Analyzing the experimental data, the average IPC of the BFG architecture compared to the traditional heterogeneous multi-core architecture has increased by 2.48% up to 3.80%. CPU application hit rate increased by an average of 70.45%. Compared with the heterogeneous LLC buffer management mechanism architecture based on multicore, CPU IPC and CPU LLC hit rates remain unchanged. Therefore, using a missing-aware-based dynamic replacement strategy in buffer does not affect the performance of the CPU application. Compared with traditional heterogeneous multi-core architectures, MBFG improves GPU performance by an average of 11.10%. Among them, the GPU performance improvement from the benchmark nn in the data mining field is the best and the improvement is as high as 13.52%. Compared with the increase in the 0.25-fold LLC capacity architecture, the GPU performance is improved by 12.36%. The GPU performance of streamcluster, which also comes from the data mining field, increased by 13.18%. The GPU performance of the hotspot in the field of physical simulation increased by 13.32%, which was higher than the average of the performance improvement. The BFG was used in the buffer architecture. After the strategy, the performance of the test procedures in the above areas has improved.

6 Conclusions

This paper proposes a heterogeneous cache-based LLC buffer management mechanism. This strategy attempts to free up the LLC space for CPU applications by creating GPU-exclusive buffers and achieve separation of memory access by CPU and GPU applications. In addition, this paper applies the dynamic replacement strategy based on the missing perception to the buffer. According to the missing rate of the buffer in the comparison time interval, it can dynamically switch the replacement strategy that is beneficial to the current operating state and further improve the system performance.

The experimental results show that the heterogeneous cache management mechanism based on heterogeneous LLC can effectively relieve CPU and GPU applications’ contention for shared cache, ensure the efficiency of CPU utilization for LLC, and improve the performance of CPU applications; buffer performs effective management, uses a dynamic replacement strategy based on missing awareness, optimizes the buffer management scheme, improves the performance of GPU applications, and improves the overall performance of the system.

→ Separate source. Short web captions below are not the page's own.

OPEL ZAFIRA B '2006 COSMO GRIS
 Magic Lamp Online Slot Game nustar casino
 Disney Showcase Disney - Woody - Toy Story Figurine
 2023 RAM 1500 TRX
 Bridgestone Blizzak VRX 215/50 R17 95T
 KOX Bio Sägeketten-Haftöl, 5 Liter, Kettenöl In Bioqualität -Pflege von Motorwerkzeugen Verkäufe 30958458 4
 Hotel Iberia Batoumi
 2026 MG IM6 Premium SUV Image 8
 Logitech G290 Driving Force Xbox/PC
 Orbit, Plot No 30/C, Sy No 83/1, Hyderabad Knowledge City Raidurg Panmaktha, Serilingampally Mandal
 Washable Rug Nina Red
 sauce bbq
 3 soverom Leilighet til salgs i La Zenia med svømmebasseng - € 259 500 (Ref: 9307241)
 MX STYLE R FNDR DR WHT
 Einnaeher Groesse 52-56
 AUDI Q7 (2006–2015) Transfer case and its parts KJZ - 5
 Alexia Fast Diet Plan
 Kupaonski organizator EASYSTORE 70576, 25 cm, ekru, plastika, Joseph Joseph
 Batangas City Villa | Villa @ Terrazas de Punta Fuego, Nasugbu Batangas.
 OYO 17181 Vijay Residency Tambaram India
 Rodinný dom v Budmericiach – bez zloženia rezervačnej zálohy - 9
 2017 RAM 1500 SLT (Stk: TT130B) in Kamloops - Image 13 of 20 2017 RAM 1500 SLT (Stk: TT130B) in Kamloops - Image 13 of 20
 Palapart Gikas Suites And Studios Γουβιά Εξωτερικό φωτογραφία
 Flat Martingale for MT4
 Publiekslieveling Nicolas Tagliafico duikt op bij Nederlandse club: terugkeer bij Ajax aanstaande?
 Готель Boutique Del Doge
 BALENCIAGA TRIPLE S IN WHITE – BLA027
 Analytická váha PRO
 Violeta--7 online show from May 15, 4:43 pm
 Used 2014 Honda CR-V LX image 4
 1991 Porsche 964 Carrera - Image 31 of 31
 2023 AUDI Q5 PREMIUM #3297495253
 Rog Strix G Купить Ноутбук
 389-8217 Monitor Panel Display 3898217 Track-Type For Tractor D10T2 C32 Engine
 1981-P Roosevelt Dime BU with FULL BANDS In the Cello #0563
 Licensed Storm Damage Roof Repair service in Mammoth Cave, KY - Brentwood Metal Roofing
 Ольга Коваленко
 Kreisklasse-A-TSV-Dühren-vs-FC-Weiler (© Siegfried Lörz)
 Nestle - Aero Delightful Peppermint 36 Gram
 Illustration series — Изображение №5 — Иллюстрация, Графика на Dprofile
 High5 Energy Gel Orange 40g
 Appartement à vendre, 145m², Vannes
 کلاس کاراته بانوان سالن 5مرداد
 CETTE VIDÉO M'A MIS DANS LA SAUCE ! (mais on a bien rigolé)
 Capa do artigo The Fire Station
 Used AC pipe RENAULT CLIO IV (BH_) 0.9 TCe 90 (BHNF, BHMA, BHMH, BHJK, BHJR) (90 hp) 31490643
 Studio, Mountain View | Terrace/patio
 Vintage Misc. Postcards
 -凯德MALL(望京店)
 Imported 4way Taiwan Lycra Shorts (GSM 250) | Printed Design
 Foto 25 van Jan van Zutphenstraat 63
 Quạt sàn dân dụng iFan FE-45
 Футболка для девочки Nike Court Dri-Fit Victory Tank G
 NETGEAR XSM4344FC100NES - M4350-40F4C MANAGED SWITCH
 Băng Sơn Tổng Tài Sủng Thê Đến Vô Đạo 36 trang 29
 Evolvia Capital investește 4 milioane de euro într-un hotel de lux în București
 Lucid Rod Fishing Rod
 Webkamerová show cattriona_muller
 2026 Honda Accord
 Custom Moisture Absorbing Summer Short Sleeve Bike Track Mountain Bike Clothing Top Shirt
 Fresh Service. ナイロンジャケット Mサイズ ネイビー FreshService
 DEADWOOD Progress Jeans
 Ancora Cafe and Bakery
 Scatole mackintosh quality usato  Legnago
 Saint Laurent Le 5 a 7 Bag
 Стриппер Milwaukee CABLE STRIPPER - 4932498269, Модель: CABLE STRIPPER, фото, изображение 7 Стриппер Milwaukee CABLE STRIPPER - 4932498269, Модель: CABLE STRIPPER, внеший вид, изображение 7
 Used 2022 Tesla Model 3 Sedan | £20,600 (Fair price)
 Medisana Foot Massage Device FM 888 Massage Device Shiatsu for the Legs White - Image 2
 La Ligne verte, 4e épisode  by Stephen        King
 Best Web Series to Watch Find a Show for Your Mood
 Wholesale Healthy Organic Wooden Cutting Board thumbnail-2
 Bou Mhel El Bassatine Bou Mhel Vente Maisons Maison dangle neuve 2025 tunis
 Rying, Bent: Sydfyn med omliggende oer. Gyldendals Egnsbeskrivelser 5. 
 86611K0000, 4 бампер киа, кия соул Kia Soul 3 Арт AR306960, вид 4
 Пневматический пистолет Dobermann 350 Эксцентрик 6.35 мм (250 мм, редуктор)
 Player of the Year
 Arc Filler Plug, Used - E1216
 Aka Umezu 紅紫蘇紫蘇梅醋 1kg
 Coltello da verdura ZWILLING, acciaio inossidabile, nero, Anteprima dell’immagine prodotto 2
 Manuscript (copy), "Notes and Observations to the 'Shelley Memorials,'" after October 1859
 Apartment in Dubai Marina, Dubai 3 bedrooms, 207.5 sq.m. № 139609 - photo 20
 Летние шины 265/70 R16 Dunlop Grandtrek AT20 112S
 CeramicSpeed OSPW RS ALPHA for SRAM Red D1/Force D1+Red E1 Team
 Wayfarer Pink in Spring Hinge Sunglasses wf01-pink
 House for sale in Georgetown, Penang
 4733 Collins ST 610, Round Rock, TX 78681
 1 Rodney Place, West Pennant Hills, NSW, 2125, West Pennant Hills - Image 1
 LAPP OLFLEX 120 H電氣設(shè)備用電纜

Benchmark used in the experiment covers different fields. According to the results, the proposed cache management strategy has different effects on different applications, and the performance of applications in the fields of data mining and physical simulation is greatly improved. Efficient cache management technology can help data center to perform better. Our proposed cache management strategy can be applied to high-performance data center instead of traditional methods.